Task input START

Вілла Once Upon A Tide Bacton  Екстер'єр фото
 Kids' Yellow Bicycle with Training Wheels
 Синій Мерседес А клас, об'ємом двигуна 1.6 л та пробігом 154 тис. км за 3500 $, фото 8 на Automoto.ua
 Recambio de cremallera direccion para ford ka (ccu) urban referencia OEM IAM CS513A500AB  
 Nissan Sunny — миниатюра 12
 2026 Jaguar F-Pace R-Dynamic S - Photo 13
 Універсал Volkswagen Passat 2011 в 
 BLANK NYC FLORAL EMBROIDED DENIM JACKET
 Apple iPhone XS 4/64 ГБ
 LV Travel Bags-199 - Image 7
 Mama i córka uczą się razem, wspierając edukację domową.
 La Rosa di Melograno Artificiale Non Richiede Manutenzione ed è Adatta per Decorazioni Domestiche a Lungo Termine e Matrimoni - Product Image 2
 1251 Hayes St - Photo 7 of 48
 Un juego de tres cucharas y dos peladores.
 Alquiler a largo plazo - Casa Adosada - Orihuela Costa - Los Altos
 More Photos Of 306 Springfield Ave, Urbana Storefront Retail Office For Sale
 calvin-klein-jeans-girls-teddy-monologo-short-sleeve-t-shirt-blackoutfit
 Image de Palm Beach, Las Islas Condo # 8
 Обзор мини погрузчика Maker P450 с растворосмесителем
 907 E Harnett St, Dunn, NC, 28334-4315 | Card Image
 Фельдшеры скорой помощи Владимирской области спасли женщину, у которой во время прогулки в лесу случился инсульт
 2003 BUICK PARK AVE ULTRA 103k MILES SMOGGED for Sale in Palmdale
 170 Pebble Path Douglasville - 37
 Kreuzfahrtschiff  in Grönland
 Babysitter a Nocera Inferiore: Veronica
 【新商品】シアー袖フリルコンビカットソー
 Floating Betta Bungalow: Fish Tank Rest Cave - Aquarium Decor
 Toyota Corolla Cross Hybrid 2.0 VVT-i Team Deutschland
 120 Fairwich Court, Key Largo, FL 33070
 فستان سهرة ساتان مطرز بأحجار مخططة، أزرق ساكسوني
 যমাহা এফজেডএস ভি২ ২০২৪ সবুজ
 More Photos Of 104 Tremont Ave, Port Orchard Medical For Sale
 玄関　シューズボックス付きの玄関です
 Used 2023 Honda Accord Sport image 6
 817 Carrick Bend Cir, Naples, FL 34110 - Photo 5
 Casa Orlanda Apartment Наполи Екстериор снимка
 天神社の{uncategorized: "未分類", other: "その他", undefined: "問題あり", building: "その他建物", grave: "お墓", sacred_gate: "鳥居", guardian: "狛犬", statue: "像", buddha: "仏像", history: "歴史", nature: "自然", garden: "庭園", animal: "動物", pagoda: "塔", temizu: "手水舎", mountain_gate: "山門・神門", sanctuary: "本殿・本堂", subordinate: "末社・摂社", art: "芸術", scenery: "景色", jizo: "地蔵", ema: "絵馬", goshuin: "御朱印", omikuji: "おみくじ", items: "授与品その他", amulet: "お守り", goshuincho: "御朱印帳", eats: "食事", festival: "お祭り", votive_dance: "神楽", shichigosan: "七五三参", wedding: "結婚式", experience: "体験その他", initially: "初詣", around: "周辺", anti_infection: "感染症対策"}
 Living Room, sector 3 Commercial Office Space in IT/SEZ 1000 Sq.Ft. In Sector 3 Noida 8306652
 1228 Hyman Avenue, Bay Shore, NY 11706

Task input END

• [Task to complete]:
Among the records above, repeat exactly the line with "Floating Betta Bungalow: Fish", the line with "Casa Orlanda Apartment", and every line in between, and only those.

• [Solution for this exercise]:
 Floating Betta Bungalow: Fish Tank Rest Cave - Aquarium Decor
 Toyota Corolla Cross Hybrid 2.0 VVT-i Team Deutschland
 120 Fairwich Court, Key Largo, FL 33070
 فستان سهرة ساتان مطرز بأحجار مخططة، أزرق ساكسوني
 যমাহা এফজেডএস ভি২ ২০২৪ সবুজ
 More Photos Of 104 Tremont Ave, Port Orchard Medical For Sale
 玄関　シューズボックス付きの玄関です
 Used 2023 Honda Accord Sport image 6
 817 Carrick Bend Cir, Naples, FL 34110 - Photo 5
 Casa Orlanda Apartment Наполи Екстериор снимка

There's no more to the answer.